We human beings tend to set a lot of store by the idea of morality (well, most of us anyway), and it is generally accepted that having a strong code of morals is a good thing. Even if many of us have never exactly qualified what we consider to be right or wrong, the majority of people have at least a basic idea of what they consider morally acceptable and a significant number are willing to make their moral standpoint on various issues very well known to anyone who doesn’t want to listen (internet, I’m looking at you again). One of the key features considered to be integral to such a moral code is the idea of rigidity and having fixed rules. Much like law, morality should ideally be inflexible, passing equal judgement on the same situation regardless of who is involved, how you’re feeling at the time and other outside factors. If only to avoid being accused of hypocrisy, social law dictates that one ‘should’ pass equal moral judgement on both your worst enemy and your spouse, and such a stringent dedication to ‘justice’ is a prized concept among those with strong moral codes.

However, human beings are nothing if not inconsistent, and even the strongest and most vehemently held ideas have a habit of withering in the face of context. One’s moral code is no exception, and with that in mind, let’s talk about cats.

Consider a person- call him a socialist, if you like that sort of description. Somebody who basically believes that we should be doing our bit to help our fellow man. Someone who buys The Big Issue, donates to charity, and gives their change to the homeless. They take the view that those in a more disadvantaged position should be offered help, and they live and share this view on a daily basis.

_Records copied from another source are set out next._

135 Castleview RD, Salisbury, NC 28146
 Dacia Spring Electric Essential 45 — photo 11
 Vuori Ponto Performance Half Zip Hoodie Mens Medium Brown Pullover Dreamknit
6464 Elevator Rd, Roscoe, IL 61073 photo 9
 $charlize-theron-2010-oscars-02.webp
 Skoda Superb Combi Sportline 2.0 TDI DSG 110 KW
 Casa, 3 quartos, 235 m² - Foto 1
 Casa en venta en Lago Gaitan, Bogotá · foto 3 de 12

Now, consider what happens when, one day, said person is having a barbecue and a stray cat comes into the garden. Such strays are, nowadays, uncommon in suburban Britain, but across Europe (the Mediterranean especially), there may be hundreds of them in a town (maybe the person’s on holiday). Picture one such cat- skinny, with visible ribs, unkempt and patchy fur, perhaps a few open sores. A mangy, quite pathetic creature, clinging onto life through a mixture of tenacity and grubbing for scraps, it enters the garden and makes its way towards the man and his barbecue.

Human beings, especially modern-day ones, leave quite a wasteful and indulgent existence. We certainly do not need the vast majority of the food we produce and consume, and could quite happily do without a fair bit of it. A small cat, by contrast, can survive quite happily for at least day on just one small bowl of food, or a few scraps of meat. From a neutral, logical standpoint, therefore, the correct and generous thing to do according to this person’s moral standpoint, would be to throw the cat a few scraps and sleep comfortably with a satisfied conscience that evening. But, all our person sees is a mangy street cat, a dirty horrible stray that they don’t want anywhere near them or their food, so they do all they can to kick, scream, shout, throw water and generally drive a starving life form after just a few scraps away from a huge pile of pristine meat, much of which is likely to go to waste.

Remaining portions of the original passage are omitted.